In the framework of our Milestones series, Sabzian and KASKcinema are screening La prise du pouvoir par Louis XIV, perhaps the most notable film of Rosselini’s televisual turn. Moving away from neorealism, he adopted a didactic type of filmmaking. Rosselini turned to the lives of historical figures, each emblematic of a significant transformation in human thought and consciousness. He saw television as a medium “without traditions” he believed could reconnect audiences with history, humanity, and truth. Rossellini films these historical events like events, as if they are happening for the first time. “Cinema is an art that always fails in reconstructing the past,” Daney writes. “But what it can do is seize the moment when something is passing.”
In Winter Adé, Helke Misselwitz captures another historic moment, one she herself is living. In 1987, shortly before the collapse of the GDR, she travelled by train from her home to the north coast of East Germany. Along the way, she met women of different ages and backgrounds, whom she filmed with rare tenderness and precision. “For almost forty years, the law has established that women are legally and economically equal to men. But what has happened in those 40 years in people’s behaviour towards one another? That’s what interested me.” One critic remembers “coming for History but leaving with a heart full of people.”

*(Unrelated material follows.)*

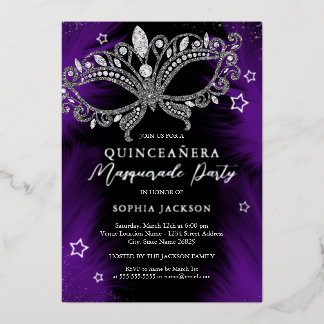 Invitation En Aluminium Mascarade d'argent violet Star Quinceanera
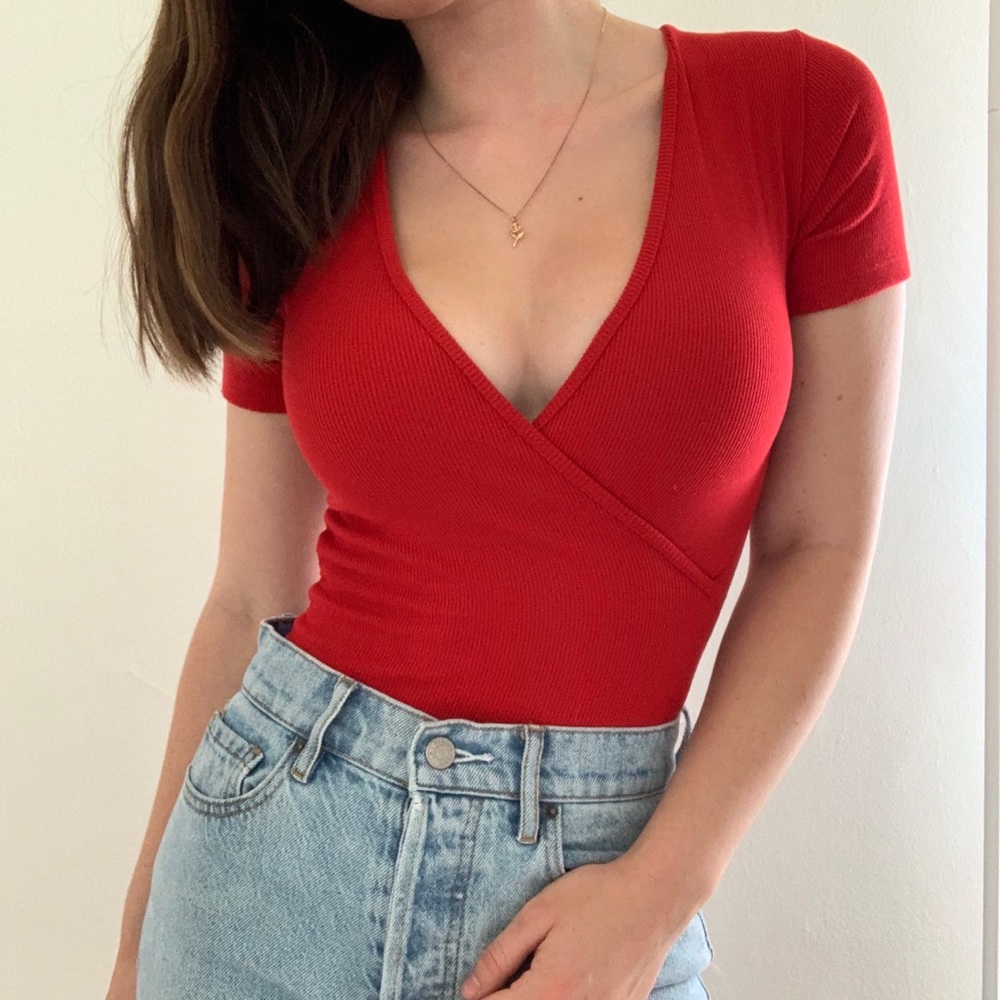 Red Brandy bodysuit.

The people in Werckmeister’s Harmonies “have some kind of a relation to eternity”. Figures of refusal emerge in this film. “You are the sun. The sun doesn’t move, this is what it does. You are the Earth. The Earth is here for a start, and then the Earth moves around the sun. And now, we’ll have an explanation that simple folks like us can also understand, about immortality. All I ask is that you step with me into the boundlessness, where constancy, quietude and peace, infinite emptiness reign.”